Die kommunistische Bauernguerilla greift zum Geburtstag des neuen Königs Polizeistationen an und tötet 41 Personen. Für Donnerstag ruft sie zu einem Generalstreik auf. Die Regierung will Polizei und Justiz mehr Kompetenzen geben

von BERNARD IMHASLY

Maoistische Guerillas haben in der Nacht zu Samstag bei drei Angriffen mindestens 41 Polizisten getötet. Zwölf Beamte werden noch vermisst und fünf weitere nicht identifizierte Opfer stammen wahrscheinlich aus den Reihen der Angreifer. Diese umzingelten kurz nach Mitternacht drei befestigte Polizeiposten westlich und nördlich von Kathmandu und griffen sie mit Granaten und Sprengsätzen an, als sich die Belagerten nicht ergaben.

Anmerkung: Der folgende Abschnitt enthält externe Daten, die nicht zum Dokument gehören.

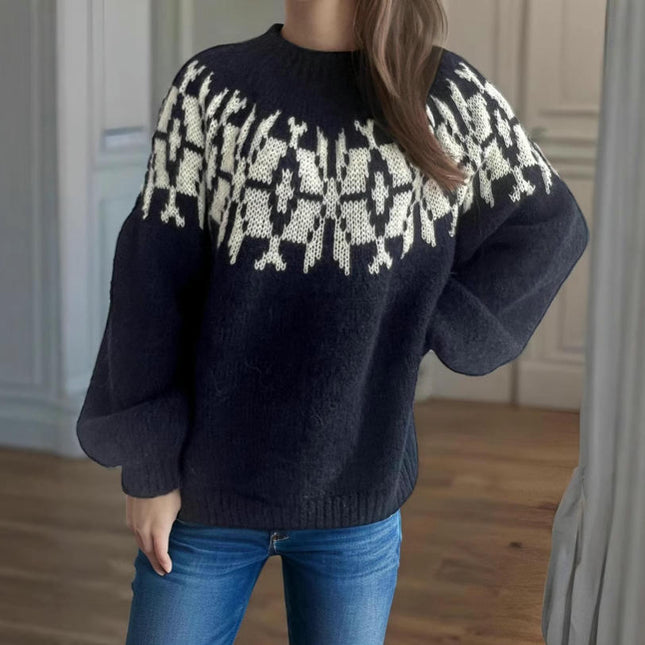 Women's Long Sleeve Casual Pullover Sweater Round Neck Contrast Loose Knit Cardigan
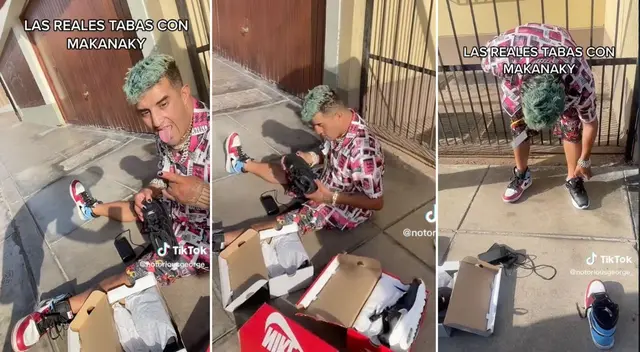El influencer recibió una nueva caja de zapatillas para reemplazar el único par que su manager no se llevó.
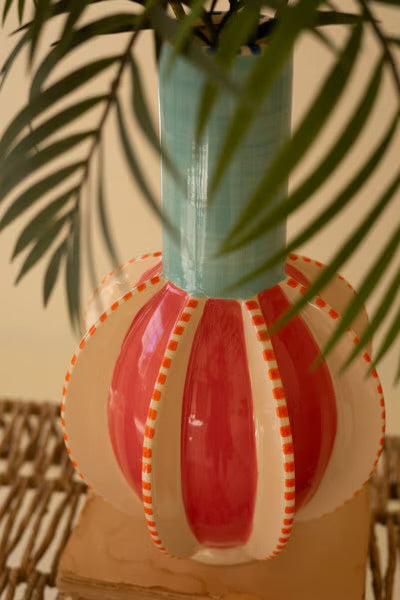 Striped Tropical Ceramic Vases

Es ist der schwerste Angriff nach dem Massaker vom 1. Juni, als Kronprinz Dipendra die gesamte Königsfamilie erschoss. Der neue König, Gyanendra, feierte am Samstag seinen 55. Geburtstag. Beobachter zweifeln nicht daran, dass der Zeitpunkt der Angriffe von der „Communist Party of Nepal (Maoist)“ gewählt wurde, um dem König und der Monarchie mit diesem „Geburtstagsgeschenk“ erneut den Krieg zu erklären.

Die Maoisten hatten den Königsmord kritisiert, allerdings nicht aus Sorge um die Institution, sondern weil sie darin ein Komplott der Regierung und Indiens sahen. Diese seien mit dem Monarchen unzufrieden gewesen, weil er sich geweigert habe, im Kampf gegen die Maoisten die Armee einzusetzen. Für sie ist der neue König eine Marionette dieser Scharfmacher, die Verhandlungen mit den Maoisten als sinnlos betrachten.

Ungeachtet der jüngsten Angriffe hält die Regierung von Nepal „grundsätzlich“ an ihrem Angebot fest, mit den Maoisten Friedensgespäche zu führen. Ministerpräsident Ram Chandra Poudel relativierte gestern diese Aussage gegenüber der Nachrichtenagentur Reuters jedoch gleich wieder, indem er hinzufügte, dass er Zweifel an der Bereitschaft der Rebellen habe, an solchen Gesprächen teilzunehmen.

Nächste Woche soll ein neues Gesetz in Kraft treten, das der Polizei und den Gerichten mehr Befugnisse gibt, Verdächtige zu verhaften und öffentliche Proteste zu unterbinden. Die Maoisten haben für den 12. Juli einen Generalstreik ausgerufen und bereits dafür gesorgt, dass ihm Folge geleistet wird. Letzte Woche gingen zwei Sprengsätze vor den Residenzen des Premierministers und des Obersten Richters hoch. Zahlreiche weitere konnten im Gebiet der Hauptstadt entschärft werden.

Die CPN(M) ging vor vier Jahren in den Untergrund und gab damit den demokratischen Weg zu einer Umwandlung in eine Bauernrepublik und Chancen für tief greifende soziale und wirtschaftliche Reformen auf. Sie hat sich seitdem vor allem in den abgelegenen und armen Regionen im Westen des Landes festgesetzt und hat dort mit der gezielten Ermordung von Politikern und anderen Vertretern des Staats sowie von reichen Bauern und Händlern die staatlichen Strukturen erschüttert. Die Zahl der Opfer wird inzwischen auf über 1.700 geschätzt. In einem Drittel der Bezirke kontrollieren die Maoisten inzwischen die Verwaltung und üben dort eine Volksjustiz aus.

In den letzten Tagen gab es in Indien Berichte, wonach sich die nepalischen Maoisten mit Organisationen zusammengetan haben, die in Indien, Bangladesch und Sri Lanka eine ähnliche Strategie des bewaffneten Bauernkampfes gegen Großbauern und die Bourgeoisie in den Städten verfolgen.